China is also apparently planning to construct a new island at Scarborough Shoal that would allow it to create a military base only 120 miles from the main Philippine island of Luzon, where U.S. aircraft are now returning after having left Clark Air Force Base in the early 1990s.

Defense Secretary Ash Carter has just visited the Philippines and he is working to strengthen military cooperation with our oldest ally in Asia. The U.S. will now rotate military forces back through the Philippines and conduct joint naval and air patrols with our Philippine partner, who lacks the resources to deal with the Chinese threat on their own. The U.S. Navy is also undertaking some freedom of navigation patrols through the South China Sea to make clear the U.S. doesn’t recognize China’s claims to sovereignty.

There is more that can and should be done on both counts — to strengthen the U.S. military presence in the Philippines and to more regularly challenge China’s claims. Two patrols in six months isn’t enough!

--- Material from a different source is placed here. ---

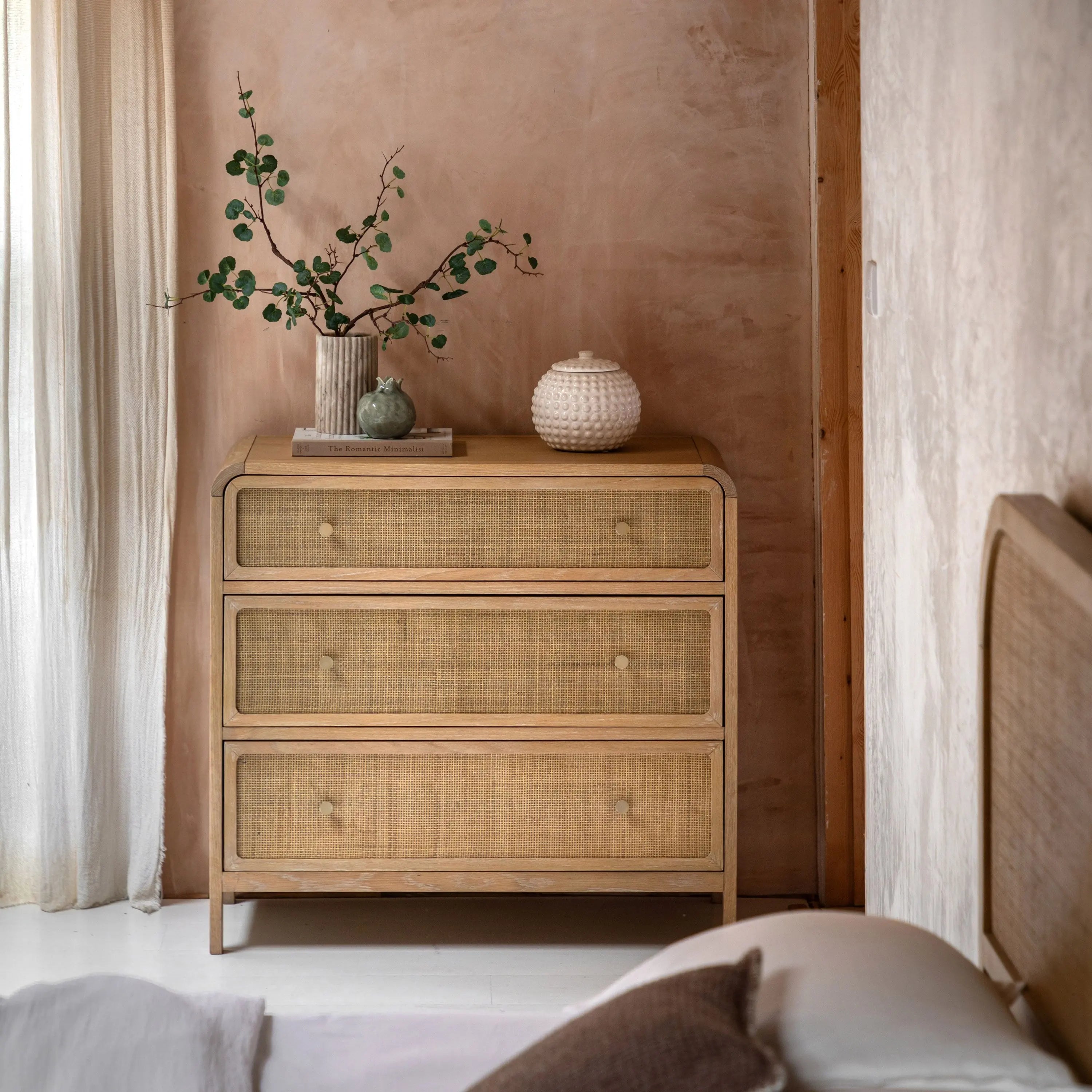 Cheltenham rattan chest of drawers in lime washed oak styled in bedroom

But the largest priority is one that nobody seems to be discussing in Washington: It is the urgent need to reverse budget cuts that have cut the end-strength of all of our armed forces. The Army has been particularly hard hit, which makes it harder to deal with the growing Russian conventional threat in Europe. But while the Navy hasn’t suffered the kind of drastic downsizing that the Army is undergoing, it has become much too small to handle all of its missions. There are currently only 272 deployable Navy ships. Based on exiting requirements the Navy should have 350 ships. Unless the Navy is increased in size, it will be increasingly difficult to counter China’s power-grab which is made possible by double-digit growth in China’s defense budget every year.

It is imperative that any increase in the size of the Navy not come out of the hide of the other services, which need to grow too. Can we afford to spend more on defense? Absolutely! We are currently spending only 16 percent of the federal budget and 3.5 percent of GDP — far less than we did for decades during the Cold War.

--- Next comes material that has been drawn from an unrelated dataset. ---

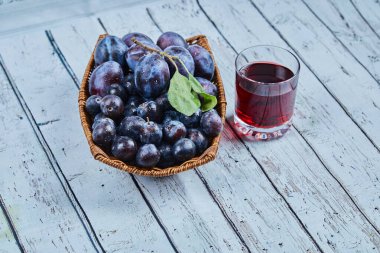 Bahçe erikleri mavi arka planda bir sepet meyve suyu ile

The argument is made that we already spend far more than China; our defense budget is nearly $600 billion, theirs is around $130 billion (if you believe official figures). The U.S. has ten aircraft carriers; China only one. But that’s comparing apples and kumquats. The U.S. needs to maintain military strength everywhere from the Baltic to the South China Sea. China need only dominate its nearby waters. And China doesn’t need floating aircraft carriers when it can convert islands in the middle of the South China Sea into air bases. Moreover, China doesn’t have to worry about the ballooning personnel costs and health-care costs that are swallowing an ever-larger share of our defense spending.

It won’t happen in this administration, but the next president will need to rebuild American military strength so as to prevent rivals such as Russia and China from upsetting the delicate balance of power in Europe and Asia.